We believe the response to the chelating effect of the studied compounds has apparently masked any less conspicuous gene expression and hindered their significance. Therefore, in order to be able to detect other activated genes in response to 5-methoxytryptamine supplementation or melatonin production, we looked further down in the list of overexpressed genes which are structurally related to AANAT and cautiously considered them as possible candidates. We used RNAseq information as a guide and crossed it with the InterPro database [24] to search for protein candidates among S. cerevisiae with a functional homology with the GNAT domain (IPR000182) of the reference gene AANAT. We found eight coincidences between the family domain search results and overexpressed genes from the RNAseq results, one of them expectedly being PAA1, so we considered seven new gene candidates with a GNAT domain for testing for melatonin production (Table 1).

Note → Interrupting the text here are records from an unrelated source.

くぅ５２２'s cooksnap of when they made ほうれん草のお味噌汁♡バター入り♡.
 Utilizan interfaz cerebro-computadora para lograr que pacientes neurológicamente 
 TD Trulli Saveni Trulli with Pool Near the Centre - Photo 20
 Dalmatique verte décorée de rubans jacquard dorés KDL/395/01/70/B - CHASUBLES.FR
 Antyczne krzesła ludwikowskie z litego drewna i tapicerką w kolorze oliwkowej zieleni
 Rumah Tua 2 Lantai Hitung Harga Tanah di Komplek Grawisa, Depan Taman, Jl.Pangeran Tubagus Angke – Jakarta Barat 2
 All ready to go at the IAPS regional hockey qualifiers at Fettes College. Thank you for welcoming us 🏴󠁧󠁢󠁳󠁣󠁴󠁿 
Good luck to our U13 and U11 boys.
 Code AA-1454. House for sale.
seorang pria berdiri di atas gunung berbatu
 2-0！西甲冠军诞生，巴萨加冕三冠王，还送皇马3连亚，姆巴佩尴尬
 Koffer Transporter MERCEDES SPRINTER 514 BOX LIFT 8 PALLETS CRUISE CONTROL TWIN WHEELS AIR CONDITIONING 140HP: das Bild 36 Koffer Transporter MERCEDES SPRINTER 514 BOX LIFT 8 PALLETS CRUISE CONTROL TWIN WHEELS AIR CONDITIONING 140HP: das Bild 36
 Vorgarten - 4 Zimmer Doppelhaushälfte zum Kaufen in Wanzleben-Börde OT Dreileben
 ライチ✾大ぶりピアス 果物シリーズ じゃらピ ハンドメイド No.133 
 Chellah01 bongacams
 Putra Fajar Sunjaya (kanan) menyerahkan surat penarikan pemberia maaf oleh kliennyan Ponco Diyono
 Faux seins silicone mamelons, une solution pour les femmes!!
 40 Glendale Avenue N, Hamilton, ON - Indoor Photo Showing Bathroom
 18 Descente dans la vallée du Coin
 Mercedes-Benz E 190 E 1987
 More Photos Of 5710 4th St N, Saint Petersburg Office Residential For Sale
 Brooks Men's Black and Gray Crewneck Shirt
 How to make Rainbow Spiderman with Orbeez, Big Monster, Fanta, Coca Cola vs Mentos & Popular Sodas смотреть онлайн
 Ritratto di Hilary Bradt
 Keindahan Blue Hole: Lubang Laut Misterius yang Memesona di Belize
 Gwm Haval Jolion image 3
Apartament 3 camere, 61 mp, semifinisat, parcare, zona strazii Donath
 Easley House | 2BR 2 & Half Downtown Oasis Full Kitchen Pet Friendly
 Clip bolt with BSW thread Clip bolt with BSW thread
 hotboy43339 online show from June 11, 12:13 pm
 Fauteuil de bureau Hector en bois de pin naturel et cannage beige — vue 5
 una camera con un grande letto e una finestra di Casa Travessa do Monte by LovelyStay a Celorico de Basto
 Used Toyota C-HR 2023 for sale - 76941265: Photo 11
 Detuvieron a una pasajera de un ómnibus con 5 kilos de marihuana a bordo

3.4. Detection of AANAT Activity in the New Gene Candidates by Overexpression in E. coli

The seven selected candidates were overexpressed in E. coli as described above. Six out of these seven genes did not show any significant difference in the melatonin yielded in comparison with the wild type. Thus, the involvement of these genes in the putative production of melatonin or in the acetylation of other compounds of the route can be ruled out. Nonetheless, we detected that the overexpression of the gene HPA2 resulted in significantly higher titers of melatonin, in an amount similar to the previously reported for PAA1 and, again, in lower concentration than the production of the overexpression of BtAANAT (Figure 4). The new positive candidate HPA2 was early overexpressed at a time of 15 min, while PAA1 overexpression was detected only in the next time point analyzed at 45 min (Figure 5). The sequential transcription of different genes involved in melatonin synthesis can explain the lack of a strong transcriptional response of one single responsible gene, reinforcing the theory of a common function from multiple genes when it comes to melatonin biosynthesis. HPA2 is a tetrameric histone acetyltransferase, a member of the Gcn5 acetyltransferase family, which acetylates histones H3 and H4 in vitro and also acetylates polyamines. However, this is the first report that clearly proves the involvement of this enzyme in the acetylation of arylalkylamines, such as 5-methoxytryptamine, and, therefore, in the synthesis of melatonin in yeasts. As was the case for PAA1, the substrate specificity and the specific activity was significantly lower than the mammalian enzyme, but, likely, as a moonlighting protein, Hpa2 was able to significantly convert 5-methoxytryptamine into melatonin.

4. Conclusions

So far, only the PAA1 gene has been correlated with the unknown pathway of melatonin biosynthesis in yeasts. We aimed to characterize the enzymatic activity of this gene by whole-cell biotransformation. To this end, we overexpressed PAA1 in its own host, S. cerevisiae, and in E. coli. However, we did not detect significant acetylation activity in S. cerevisiae whereas this higher activity was evident in E. coli. Therefore, a clear conclusion for the future search for new enzymes of the route is that the overexpression in E. coli reveals higher differences in the enzymatic activity. Our results also evidenced that PAA1 was not the only enzyme with AANAT activity in S. cerevisiae. The combination of criteria from transcriptomics and structure prediction to find similar domains let us narrow down the list of gene candidates to test in an in vivo assay that resulted in the proposal of a new gene candidate. We can conclude that HPA2, a histone acetyltransferase also related to polyamine acetylation, was able to significantly convert 5-methoxytryptamine to melatonin. Therefore, together with Paa1, Hpa2 should be also considered an arylalkylamine N-acetyltransferase in S. cerevisiae. However, both enzymes should be considered moonlighting proteins, and taking into account the yield of acetylated arylalkylamine in comparison with the mammalian enzyme, this AANAT activity does not seem to be the main acetylation activity. Therefore, the presence of an AANAT enzyme with a higher arylalkylamine substrate specificity in S. cerevisiae cannot be ruled out. We are currently applying new and powerful bioinformatic tools for the search for the most specific AANAT enzymes.